The next day he was meeting with lawyers - the following week with potential volunteers and staff. Six months later the "Darrell Green Youth Life Foundation" was formed. Over the last sixteen years the Foundation has shaped the lives of thousands of children through it's two primary programs: Youth Life Learning Centers and the National Training Institute. Through attending Youth Life Learning Centers (comprehensive after-school and full summer program services), these children are able to see for themselves just how bright their future can be. At the National Training Institute, committed citizens are taught the skills necessary to establish and operate Learning Centers in their own communities across America.

So the question remains. Why do men under the same circumstances of sudden fame and fortune, take such radically divergent paths? One starting a program to save disadvantaged youth from the sticky web of drugs and crime, while another falls prey to the same?

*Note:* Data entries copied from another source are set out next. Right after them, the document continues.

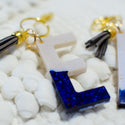 Letter Keychain - White & Blue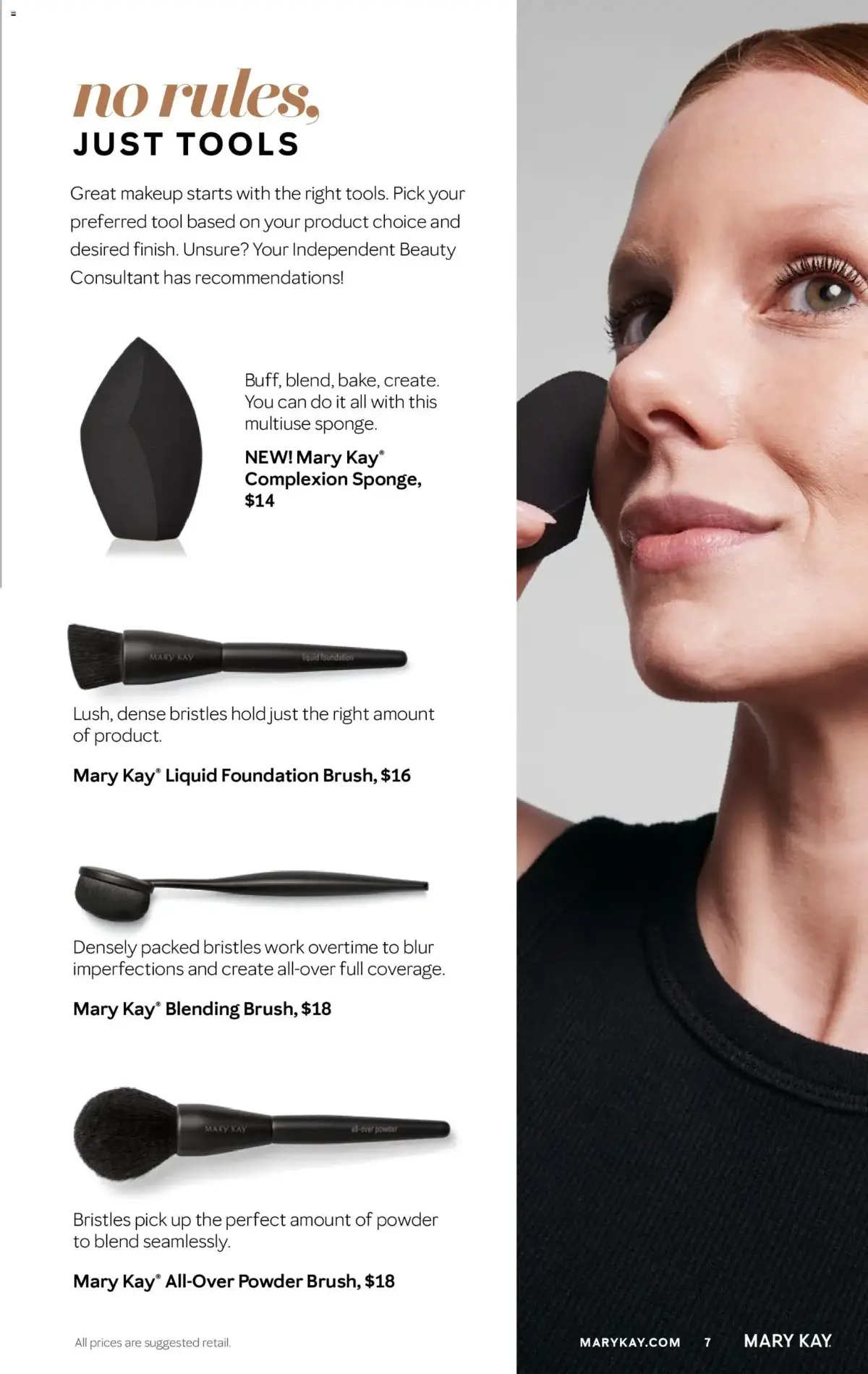 Mary Kay The Look Summer 2026, page 7 of 36, valid 05/16/2026 - 09/16/2026 — Just Tools, Bake Create, Multiuse Sponge, Blend Seamlessly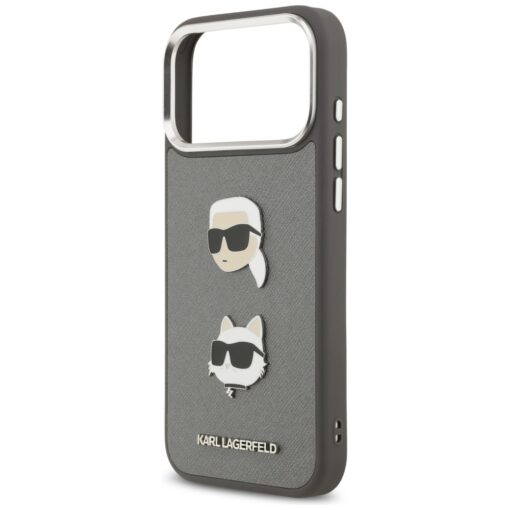 Karl Lagerfeld FW Grained Karl & Choupette Heads Pins & Logo case for iPhone 17 Pro Max grey - Image 6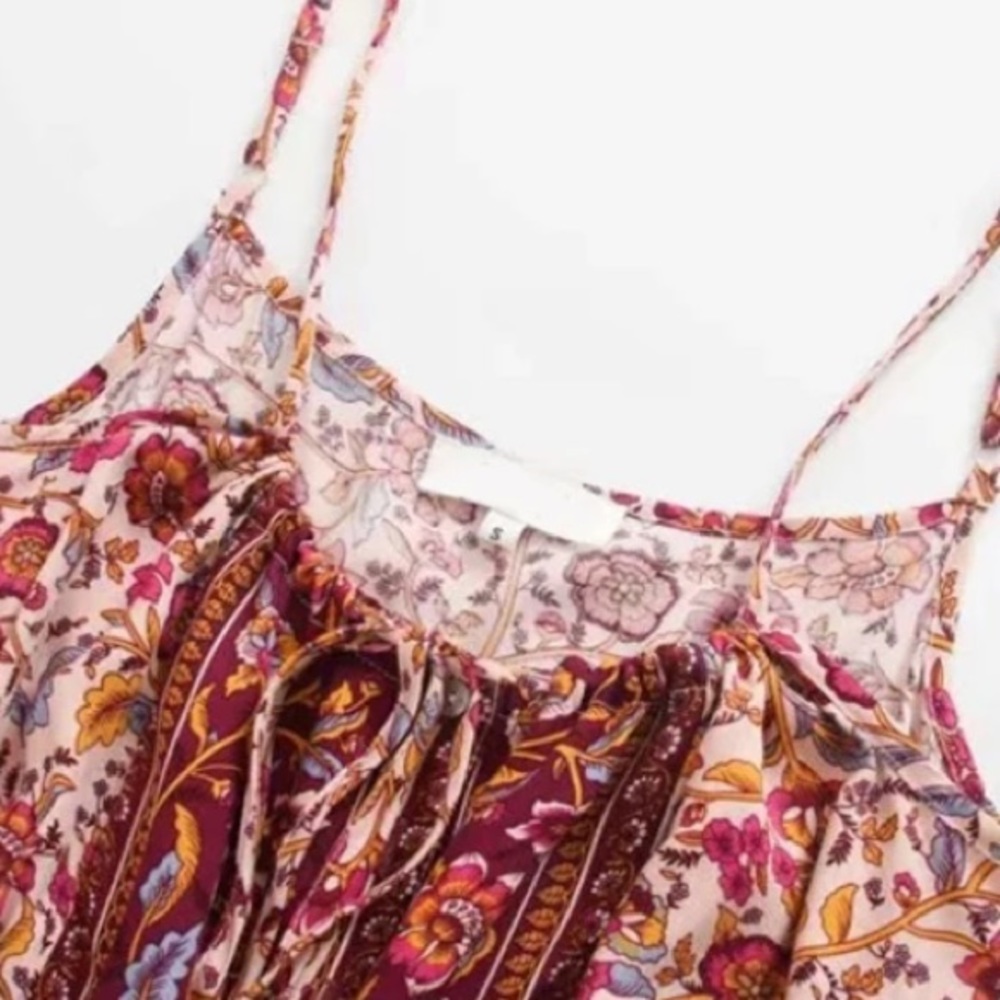 Pink Bohemian Button Front Floral Dress - Picture 9 of 10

Who knows? But I have a hunch that both are given the whisper. Some choose to turn and face their burning bush... others refuse to feel it's warmth and let it burn quietly as they walk on by. There are several thousand people out there with bright futures who thank God and their lucky stars that Darrell Green was one such person who just couldn't or wouldn't keep walking.

Yesterday just before he left the stadium after his final game, Darrell Green returned to the center of the field and back-pedaled one last time like a cornerback defending on an out pattern... After jogging off the field Green was asked his thoughts on such a career ending day.

He fought off tears for a moment and then collecting himself stated, "I started off just wanting to be a good football player, like most kids would want to be, and realized that God has more planned for me... It is my goal not only to end a career, but to launch into a future and a life that carries on the purpose of God in this generation... to change the world for all that is good and right and of Him..."

May we all begin the New Year with Darrell Green, reborn in it's growing light, fearing not the uncertainties and pain of this world but confident that God's purpose will be fulfilled in this generation and those to come... and doing our part to make it so.

Godspeed Darrell.... Keep on runnin'.